BertModelSimplifiedWrapper Class

Functionality

BertModelSimplifiedWrapper wraps a Hugging Face BERT model to produce text embeddings. It extracts the pooler output from the underlying model.

Inheritance

Inherits from torch.nn.Module, the base for neural network modules in PyTorch.

Motivation

Simplifies usage of BERT by exposing only the essential embedding output, hiding underlying complexity for text embedding tasks.
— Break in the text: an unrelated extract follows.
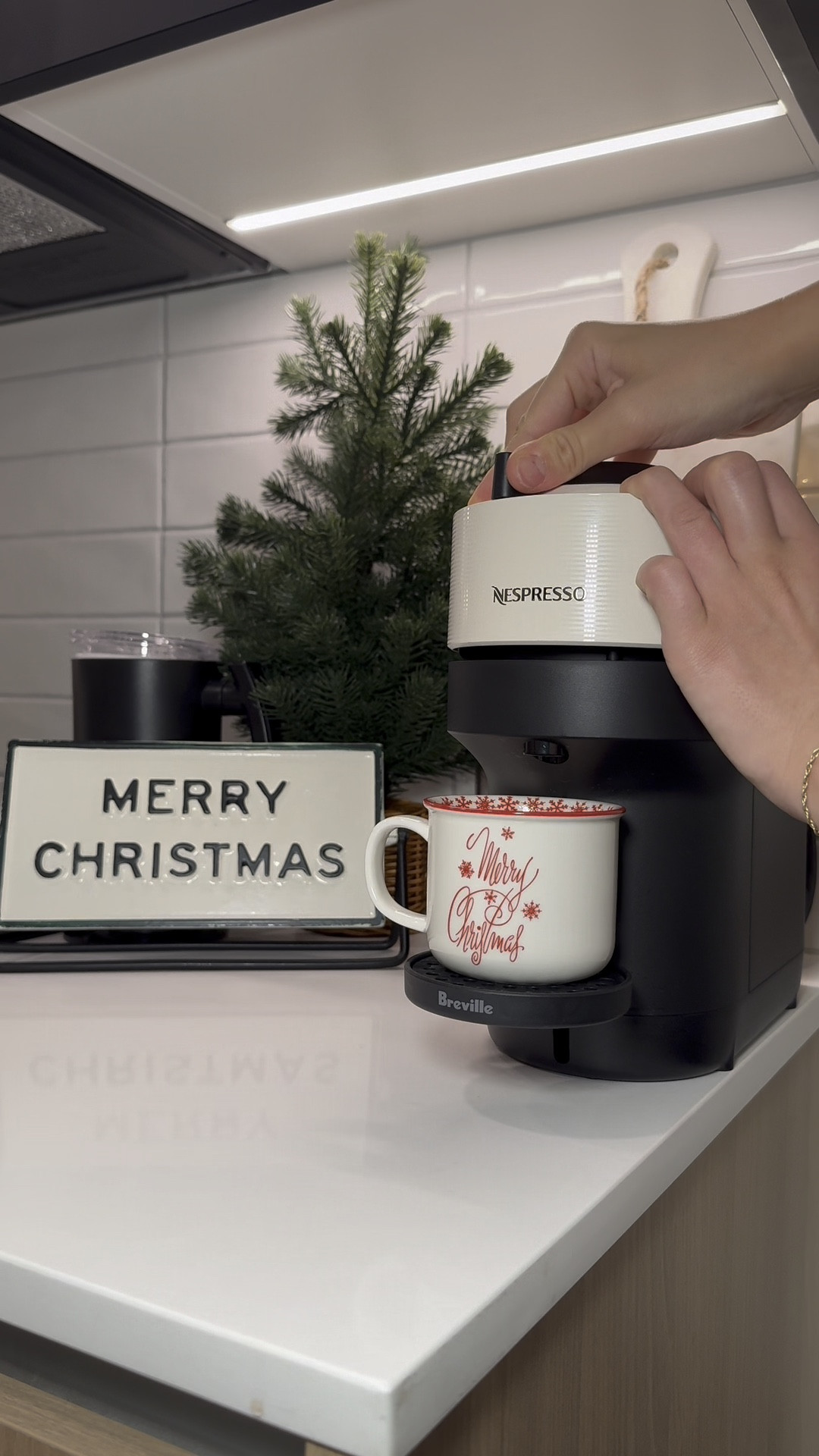 Christmas Mugs☕️🎁🎄♥️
Documentation for BertModelSimplifiedWrapper.forward

Functionality

This method computes the pooled output from a BERT model by using its pooler output. It accepts token IDs and attention masks, passes them to the underlying BERT model, and returns the transformed pooler output.

Parameters

  • input_ids (Tensor): Tensor containing token IDs of the input text.
  • attention_mask (Tensor): Tensor indicating which tokens to attend.

Returns

  • (Tensor): The pooler output with a linear transformation and tanh activation applied on the first token.

Usage

  • Purpose: Generate text embeddings using the BERT model's pooler output.

Example

from transformers import AutoModel
import torch

model = AutoModel.from_pretrained("bert-base-uncased")
wrapper = BertModelSimplifiedWrapper(model)
inputs = {
    "input_ids": torch.tensor([[101, 102]]),
    "attention_mask": torch.tensor([[1, 1]])
}
emb_output = wrapper.forward(**inputs)

TextToTextBertModel Class

Functionality

TextToTextBertModel is a wrapper that encapsulates a BERT model and its tokenizer into a unified interface for generating text embeddings. It leverages the HuggingFace transformers AutoModel and AutoTokenizer to compute embeddings from input texts using BERT's pooler output.

Parameters

  • bert_model: A string identifier for a pretrained BERT model or an existing AutoModel instance.
  • bert_tokenizer: The tokenizer for processing texts. If omitted, it is auto-loaded based on the model's configuration.
  • max_length: Maximum number of tokens to consider during tokenization.

Usage

  • Purpose: Provides a simple interface for generating text embeddings for both queries and items, ensuring consistency in usage.
  • Inheritance: Inherits from EmbeddingsModelInterface to conform with the repository's embedding model structure.

Example

from transformers import AutoModel

# Initialize the model using a pretrained BERT model
model = TextToTextBertModel(
    AutoModel.from_pretrained('bert-base-uncased')
)

# Generate embeddings using the query model
embeddings = model.get_query_model()(input_ids, attention_mask)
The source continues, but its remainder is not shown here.